Most of Strayed’s chance encounters with the strangers were included in the film, but her older sister and stepfather were purposely left out for dramatic purposes. Though the pacing of the movie is slow, it allowed the director to include the strangers who motivated her to finish the trail, including an obnoxious journalist who addressed her as a female hobo and the creepy hunters whom she met in the wood. In the novel, it was noted that Greg the hiker was the one who inspired her to keep going, but he received very little screen time. Perhaps it was only fair for the director to do so because there were so many interesting stories to be told about Strayed a.k.a “The Queen of PCT”.

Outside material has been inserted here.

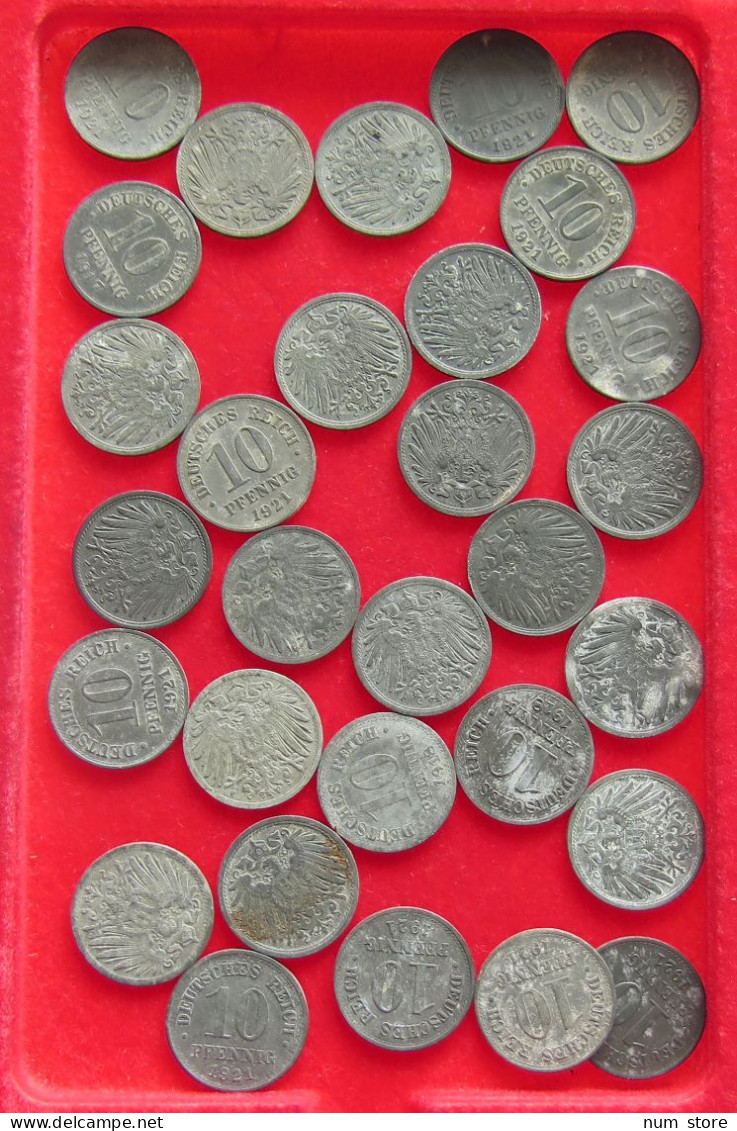 COLLECTION LOT GERMANY WEIMAR 10 PFENNIG ZINC 30 95G #xx40 1345 - Verzamelingen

“Wild” is also a visual stunner because cinematographer Yves Bélanger created a beautiful colour palette to match the views along California and Oregon trail. If it wasn’t for Strayed’s journey, we wouldn’t be able to marvel at the breathtakingly beautiful scenery. Taking cues from the book, the setting further helped to influence other elements of the movie as the director was able to develop the protagonist’s flashback into her emotional past.
The story went back and forth in time so that we can learn more about the key moments of Strayed’s life. For example, there was a scene that explained the meaning of her arm tattoo while another scene explained why she insisted on bringing her series of Flannery O’Connor short stories during her journey. Witherspoon stepped into the movie completely make-up free, which illustrates how Strayed actually looked like during her journey. Did I feel emotionally attached to the character? No, not really. However, there’s no denying that Witherspoon has created yet another award-winning role for herself, alongside Laura Dern. She is calm and collective, but when the film reached a climax, she brought Strayed’s personalities to life.
Witherspoon talked to herself very often in the movie, depicting Strayed’s real struggles as she undertook the Herculean journey. “Wild” elicited a certain kind of emotion from the audience, particularly from those who can feel Strayed’s struggles. The plot is inventive and unpredictable, but other than her encounters with the strangers, I felt that it was slightly draggy and boring. There were some plot holes that I felt the scriptwriter decided to ignore, so perhaps it will require the audience to watch it for the second time or ignore it as well. The movie was a little choppy, not only because the explicit sex scenes were removed by Malaysia’s film board, but also because there were too many flashback scenes. Of course, I’m just nitpicking.
Although “Wild” is set to be a must-see movie for everyone, I don’t think everyone is going to appreciate this movie as much as other movie connoisseurs. If I were to recite a quote from the “Birdman” movie, it has to be this:
People, they love blood. They love action. Not this talky, depressing, philosophical bullshit.
I’d still highly recommend people to watch it because this could be one of those movies that teaches people how to let go of their past. Even though I don’t feel emotionally attached to the character, her journey is definitely eye-opening experience for all.
Written by Hornby, “Wild” is produced by Witherspoon, Bruna Papandrea, and Bill Pohlad. Witherspoon also stars in the movie alongside Laura Dern, Thomas Sadoski, Michiel Huisman, and Gaby Hoffmann.
Watch the trailer here:
“Wild” is slated for release on 12th March 2015 at selected GSC outlets including GSC Mid Valley, GSC Pavilion KL, GSC 1 Utama, and GSC Gurney Plaza.